- ACTION ITEM: From the entries below, write out exactly the lines between the line holding "3, PARC BRANWEN, VALLEY, HOLYHEAD, LL65" and the line holding "Anta Platform Cushioning", inclusive, excluding any pictures.

- EXTRACTED ENTRIES:

-- Opening Marker --

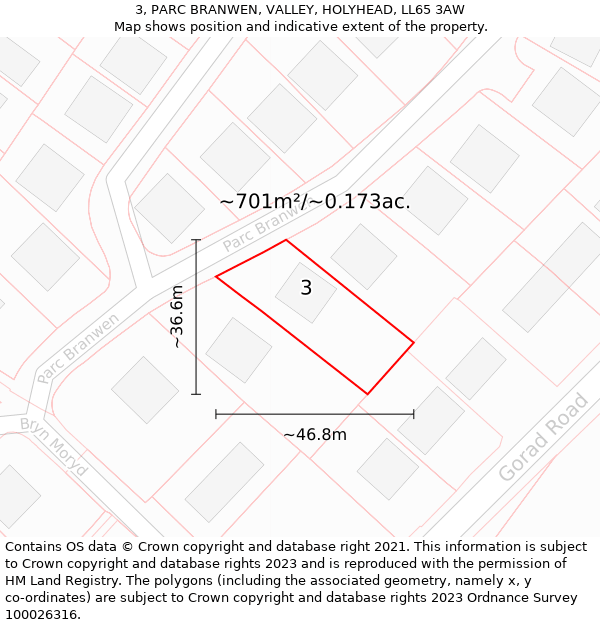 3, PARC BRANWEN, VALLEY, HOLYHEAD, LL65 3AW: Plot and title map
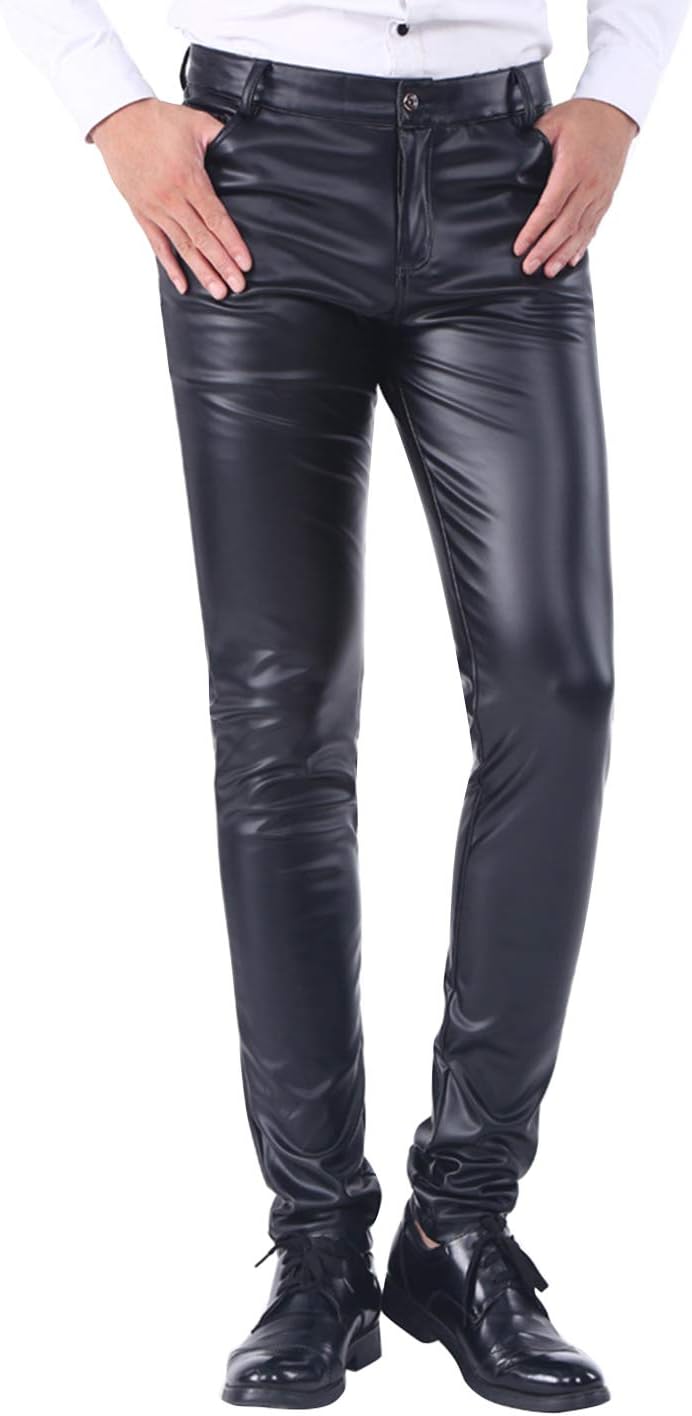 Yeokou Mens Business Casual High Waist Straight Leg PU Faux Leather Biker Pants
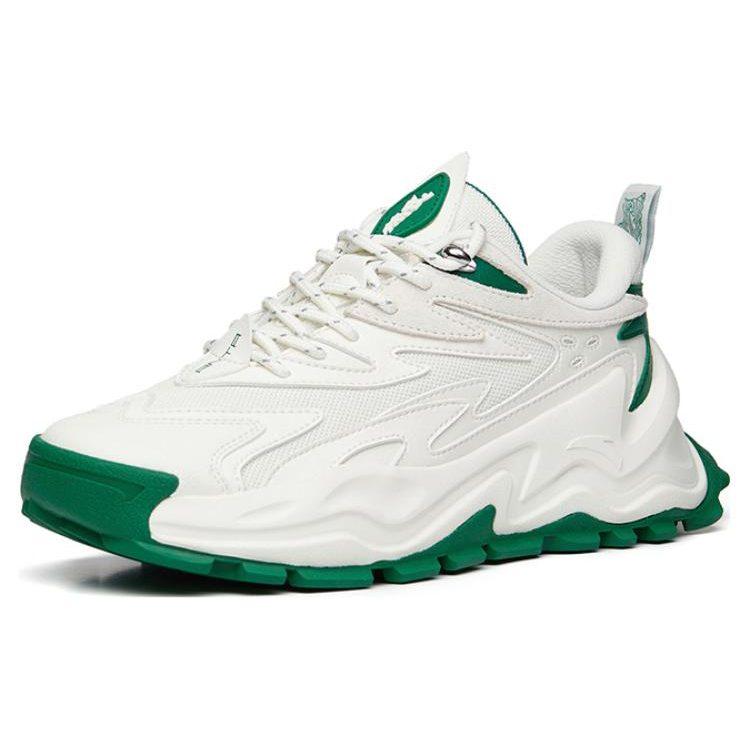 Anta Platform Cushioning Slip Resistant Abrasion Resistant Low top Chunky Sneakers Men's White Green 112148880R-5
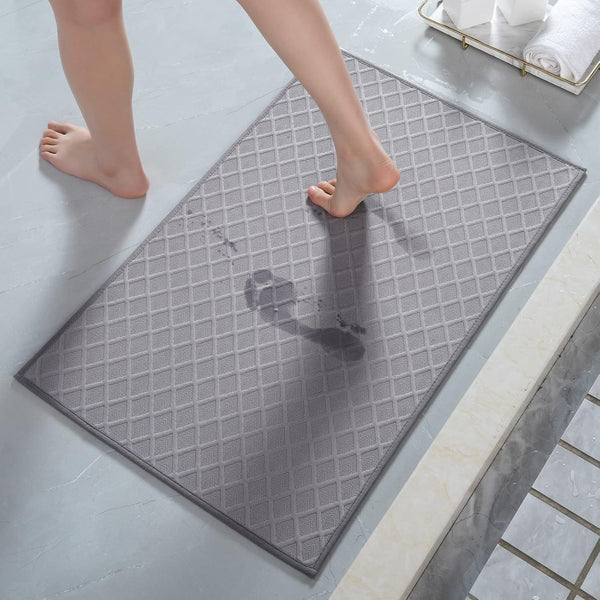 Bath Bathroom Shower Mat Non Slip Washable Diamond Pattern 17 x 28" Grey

-- Closing Marker --
-- Opening Marker --

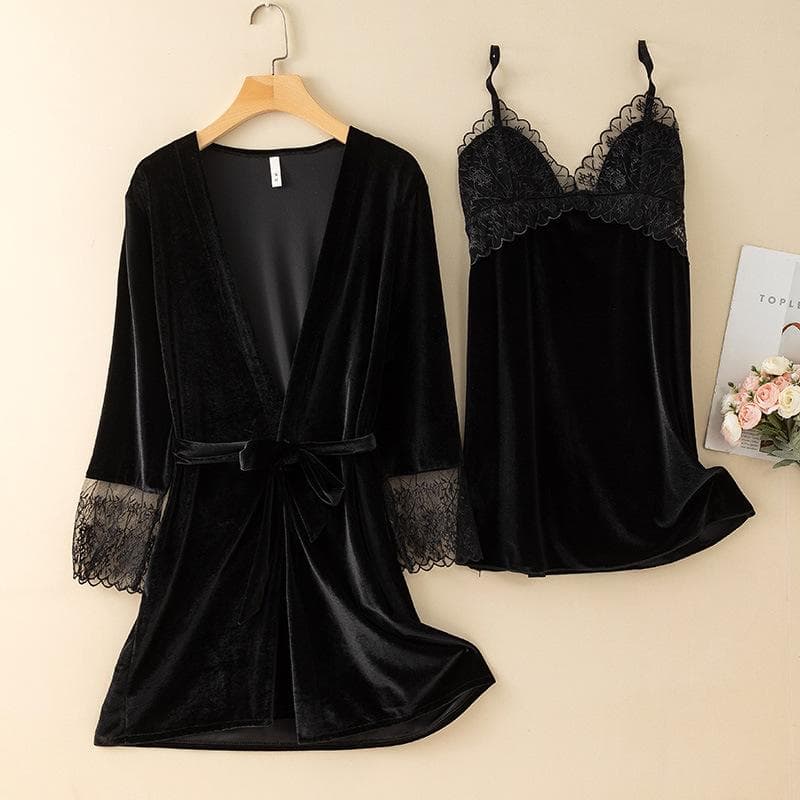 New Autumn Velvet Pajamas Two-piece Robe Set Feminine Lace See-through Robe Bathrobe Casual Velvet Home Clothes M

-- Closing Marker --

- TASK SOLUTION:
 3, PARC BRANWEN, VALLEY, HOLYHEAD, LL65 3AW: Plot and title map
 Yeokou Mens Business Casual High Waist Straight Leg PU Faux Leather Biker Pants
 Anta Platform Cushioning Slip Resistant Abrasion Resistant Low top Chunky Sneakers Men's White Green 112148880R-5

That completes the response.